Much of the film, however, is taken up with the museum’s various public programmes, on-the-floor lectures and presentations to all age groups (including a picture appreciation session for the blind), all of which are insightful and compelling vis-à-vis the classical artworks on hand, but only just so. The Gallery’s employees doggedly extol the virtues of their foundation to the museumgoer, but Wiseman’s position is, as always, ambiguous – if he has one, rather than simply an inquisitive stance towards the people as individuals on both sides of the educational divide (who remain glimpsed, unnamed and unexplored), and perhaps how the institution frames them, one to the other. (Jem Cohen’s Museum Hours, about Vienna’s Kunsthistorisches Museum, was a more pungent homage to hypnotic museum-ness.) Draw your own conclusions, or just bask in the art, and congratulate yourself for appreciating Turner and Leonardo without necessarily being told how and why.
These swathes of the film are not at all unlike visiting the Gallery, or another huge museum, yourself; you don’t need Wiseman.
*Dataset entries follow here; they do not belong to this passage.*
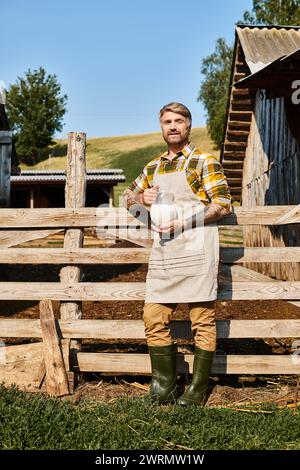 uomo dall'aspetto gradevole con tatuaggi sulle braccia che reggono il vaso di latte fresco e guardano la macchina fotografica mentre si è in fattoria Foto Stock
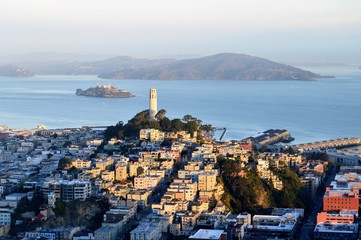 View toward the Coit Tower on Telegraph Hill with Alcatraz Island and the San Francisco Bay in the...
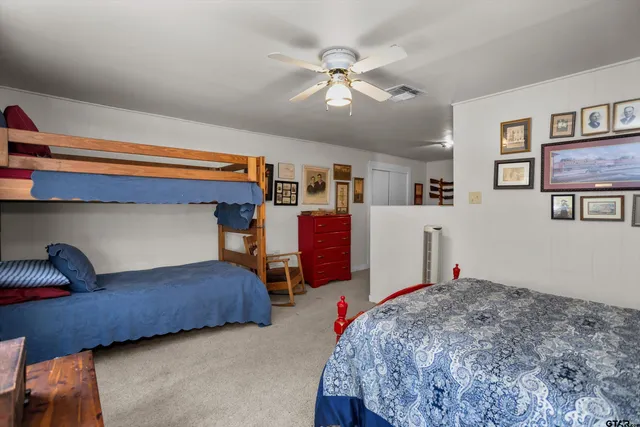 a bedroom with bed and a chandelier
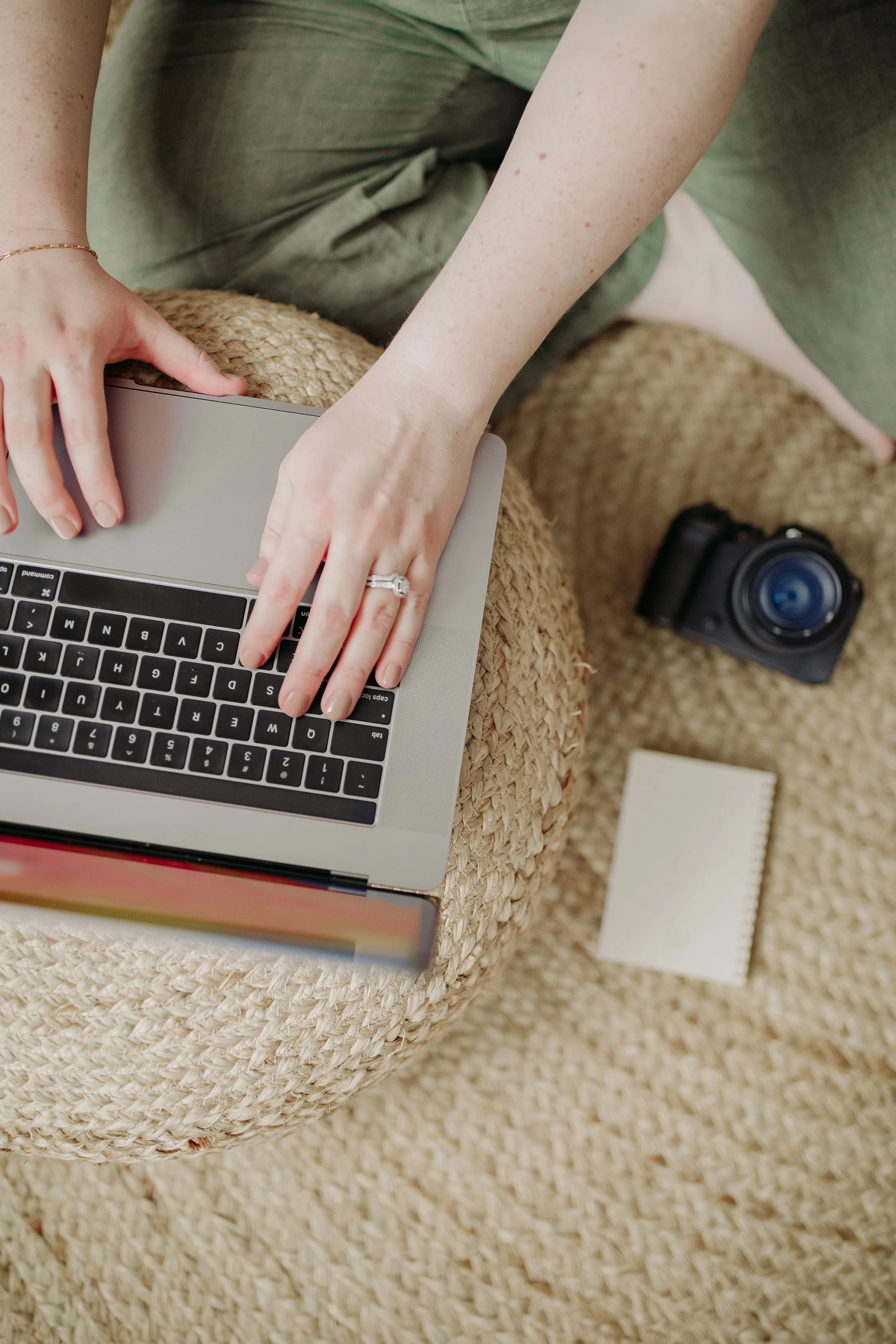 Top-down view of a person working on a laptop with a book, a camera, and a notepad on a woven stool and carpet.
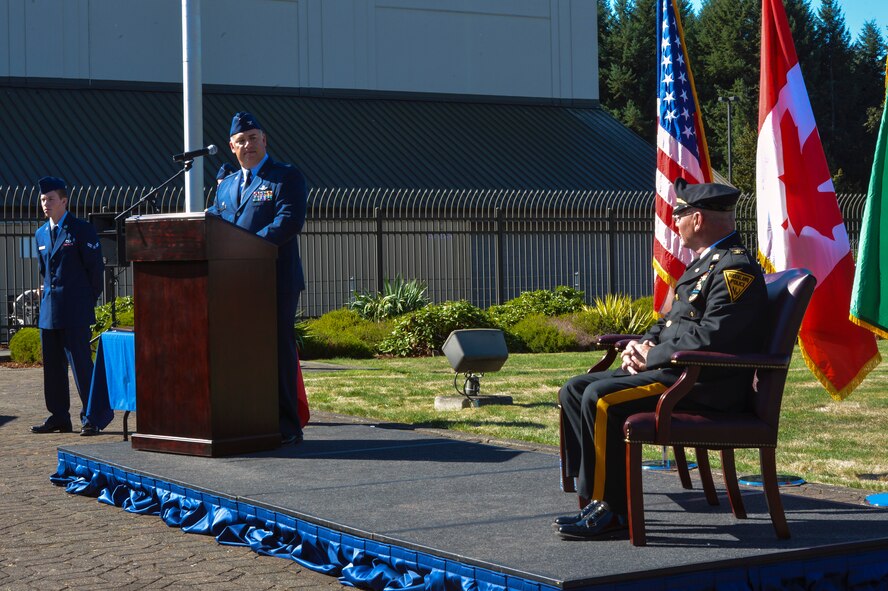 Col. Pete Stavros, Western Air Defense Sector commander, introduces Steven Saymon, retired Brooklawn Police Department police inspector, Sept. 11, 2014, during the WADS 9/11 memorial ceremony at Joint Base Lewis-McChord, Wash. During the 2001 attacks, WADS scrambled fighter aircraft from every base they could and set up air patrols over most of the major cities in America. (U.S. Air Force photo/Staff Sgt. Russ Jackson) 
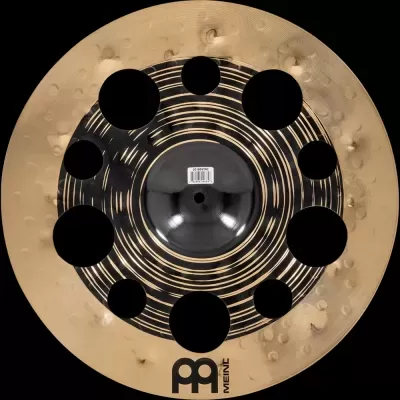 Prato musical Meinl dourado e preto com furos circulares e textura martelada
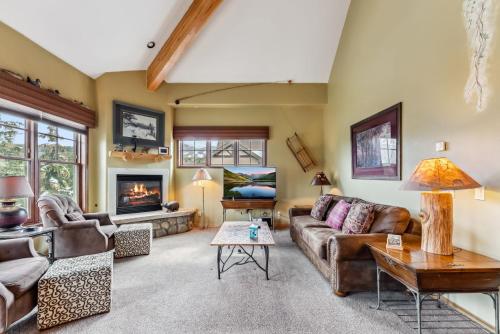 Una sala de estar con sofás y chimenea. en Breckenridge Condo with Sauna & Hot Tub Access, en Breckenridge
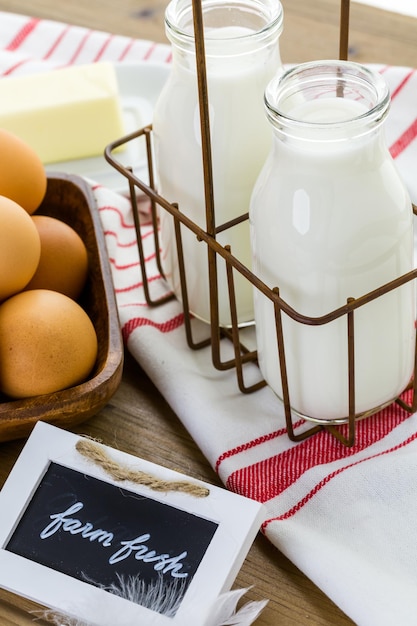 Huevos de granja frescos, leche y mantequilla en la mesa de madera.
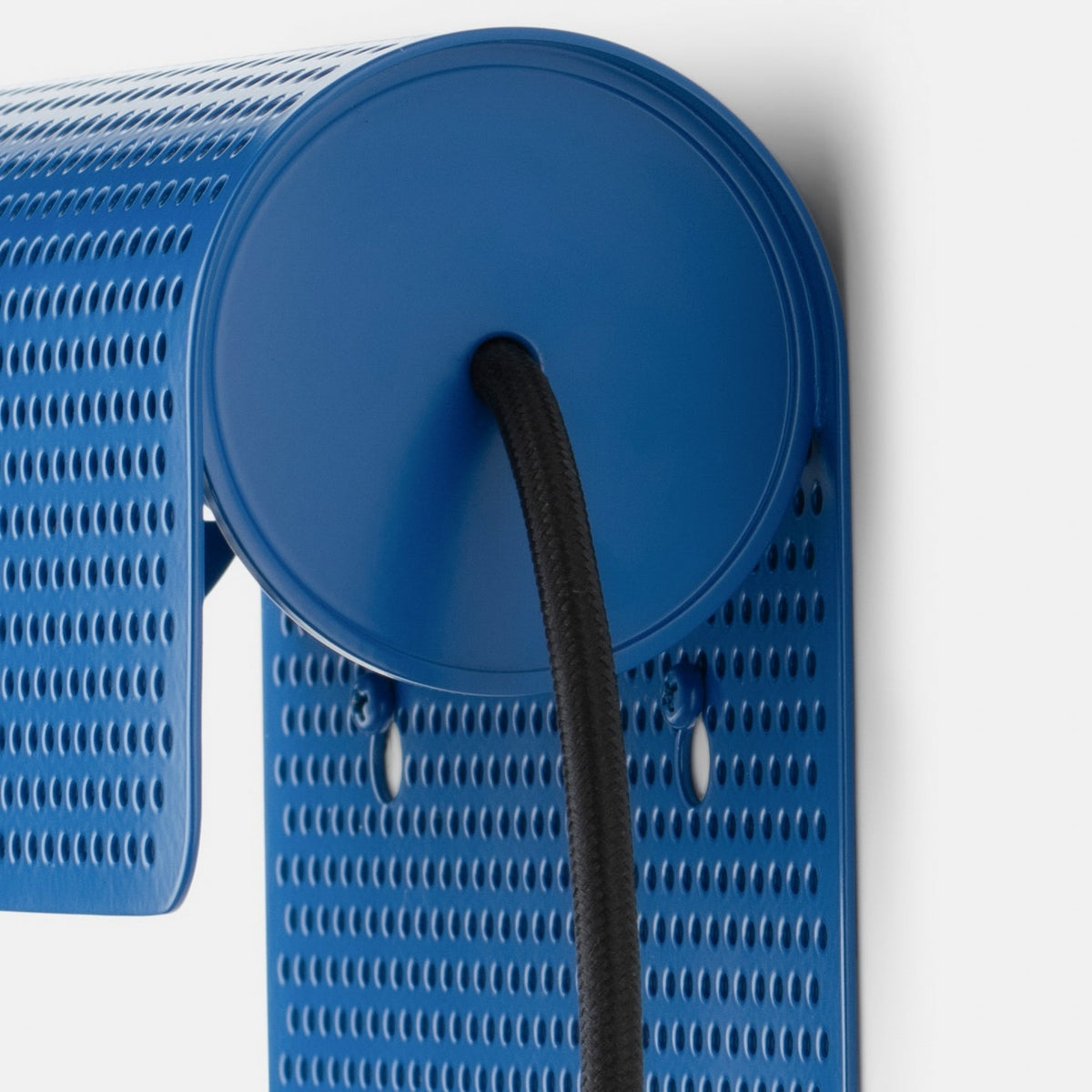 Close-up view of the Swell Plug-In Sconce in cobalt-satin showing its perforated steel shade and black cord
The backstage time, however, is entrancing, in particular a curator’s detailed exegesis of the restoration process still being carried out on Rembrandt’s Portrait of Frederick Rihel on Horseback, and how a huge printed X-ray of the picture has revealed a completely different under-painting at right angles from the finished work, and ways in which the first painting shaped the finished product. In the meantime, Wiseman’s prowling camera is so unemphatically observational that you can be easily and profitably distracted by a background painting or a patch of gorgeous silk wallpaper or a particularly lovely museumgoer’s face.
It’s a relaxed afternoon of a film, and like Wiseman’s other late films, creates through its patience and duration a dawning awareness – of how our cultural lives are manufactured for us. Even if, as in this case, the sausage factory isn’t at all dismaying, the natural thrust is to recognise the bizarre gulf between the contrived, cultivated public enthralment we demand and the unglamorous, nitpicky and sometimes anxious work required to create it. Even the National Gallery is, to some degree, an artifice. This is not a fiercely new or profound realisation but it’s a valid dimension that the TV programme we see being shot in the same halls will surely omit.